I've been working with some unittests involving comparing the output of different but theoretically equivalent versions of the same calculation.  To my surprise, calculations which I assumed would produce identical output, were failing equality tests.

It seemed unlikely this would be due to any kind of different rounding error, but I decided to check by writing out the whole floating-point numbers formatted with %.80f.  This confirmed my suspicion that the numbers were indeed identical.  You can read the detailed story here:
https://github.com/D-Programming-Language/phobos/pull/1740

It seems like I can probably use isIdentical for the unittests, but I am more concerned about the equality operator.  I completely understand that equality comparisons between FP are dangerous in general as tiny rounding errors may induce a difference, but == in D seems to see difference in circumstances where (so far as I can see) it really shouldn't happen.

Can anybody offer an explanation, a prognosis for improving things, and possible coping strategies in the meantime (other than the ones I already know, isIdentical and approxEqual)?
December 06, 2013
On 12/06/2013 05:47 AM, Joseph Rushton Wakeling wrote:

> I decided to check by writing out the whole floating-point
> numbers formatted with %.80f.  This confirmed my suspicion that the
> numbers were indeed identical.

Are they identical when printed with %a?

Ali

December 06, 2013
On 06/12/13 15:02, Ali Çehreli wrote:
> Are they identical when printed with %a?

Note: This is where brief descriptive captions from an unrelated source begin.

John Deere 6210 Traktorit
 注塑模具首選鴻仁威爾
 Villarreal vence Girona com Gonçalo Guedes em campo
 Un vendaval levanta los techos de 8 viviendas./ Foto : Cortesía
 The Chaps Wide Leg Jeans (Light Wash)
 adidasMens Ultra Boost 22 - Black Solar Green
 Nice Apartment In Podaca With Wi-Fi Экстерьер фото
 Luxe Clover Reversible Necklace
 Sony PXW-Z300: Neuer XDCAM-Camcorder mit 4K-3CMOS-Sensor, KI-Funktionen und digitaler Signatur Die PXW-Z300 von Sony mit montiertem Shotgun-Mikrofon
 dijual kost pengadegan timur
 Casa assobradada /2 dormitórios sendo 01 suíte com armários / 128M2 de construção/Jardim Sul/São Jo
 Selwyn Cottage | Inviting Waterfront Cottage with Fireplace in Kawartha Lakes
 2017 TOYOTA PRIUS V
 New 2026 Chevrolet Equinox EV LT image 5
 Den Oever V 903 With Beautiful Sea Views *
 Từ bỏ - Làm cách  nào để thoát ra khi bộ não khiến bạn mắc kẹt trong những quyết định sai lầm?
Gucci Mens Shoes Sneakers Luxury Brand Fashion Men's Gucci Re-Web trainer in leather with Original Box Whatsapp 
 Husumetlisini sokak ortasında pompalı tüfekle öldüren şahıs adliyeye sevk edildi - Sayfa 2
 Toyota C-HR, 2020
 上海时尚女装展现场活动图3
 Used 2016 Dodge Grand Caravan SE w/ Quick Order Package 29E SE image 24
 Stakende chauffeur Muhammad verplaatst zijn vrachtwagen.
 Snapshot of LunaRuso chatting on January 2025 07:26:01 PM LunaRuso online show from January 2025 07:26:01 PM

On my 64-bit Linux system, yes.  I'll push an updated patch to test and see if the various 32-bit systems report similar results (I was getting failures on 32-bit Darwin, BSD and Linux).

Thanks very much for the suggestion, as that's a print formatting option I wasn't familiar with.
December 06, 2013
On 06/12/13 15:02, Ali Çehreli wrote:
> Are they identical when printed with %a?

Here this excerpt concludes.